I haven't taken any paid online courses that fit within your budget, but there are plenty of high quality free courses. Depending on your experience, I'd recommend the following:
Highly unpopular opinion, I know, but I didn't find learning how to learn very useful. It might as well have been a 30-minute video, and it wouldn't lose much of its content. A lot of the content seems to be rather inspirational than educational.
Kind of like any book or course like that, I found that the magic wasn't in watching the lectures or reading the book but in deliberately applying some of the strategies to my own learning process.
It was easy to watch and think "OK that makes sense". It was much harder but much more worthwhile to deliberately set aside time for diffuse mode, practice spaced repetition, and quiz myself as I worked through a reading.
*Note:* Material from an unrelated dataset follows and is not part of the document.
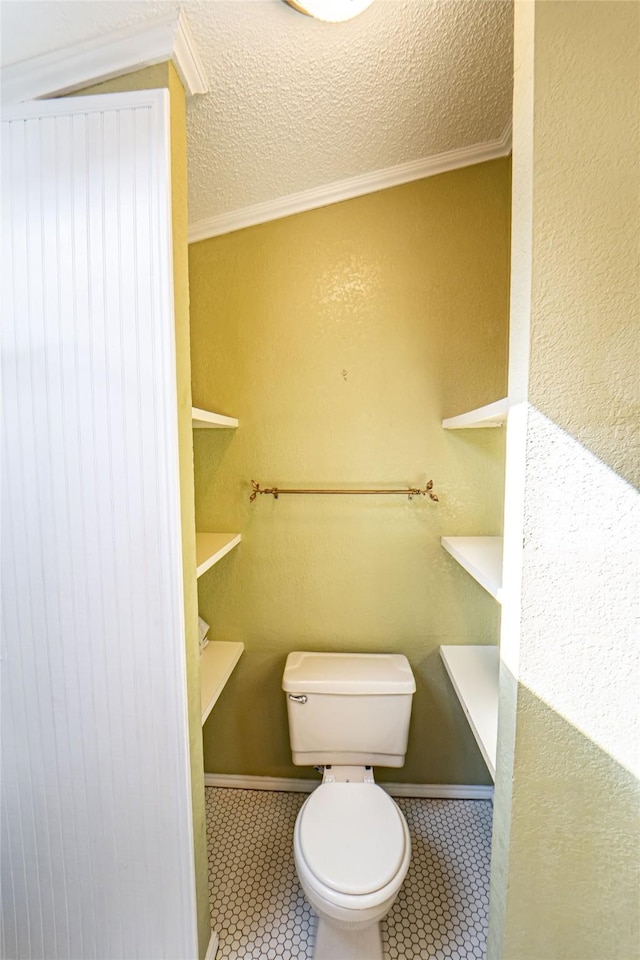 bathroom featuring a textured wall, toilet, ornamental molding, tile patterned floors, and a textured ceiling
I took one class (computer architecture & assembly language) through Oregon State University's online CS program as a soft-requirement for some in-person classes I'm currently taking. They have the full post-bacc program (http://eecs.oregonstate.edu/academic/online-cs-postbacc), and they also do allow you to take one-off classes. Officially it says you can only take the intro classes, but I just signed up for this class anyways.
It was quite a bit more than OP's budget (total cost came to $1,200 or so), but that ended up being much cheaper than having to take the class at my current program. My employer also helped with 2/3 of the cost.
As vikram360 pointed out, they're on the schedule page (https://pdos.csail.mit.edu/6.824/schedule.html). Since this is the class going on right now (Spring 2020), only a couple that have already happened have been posted so far, but I'd bet they're uploaded pretty soon after their date.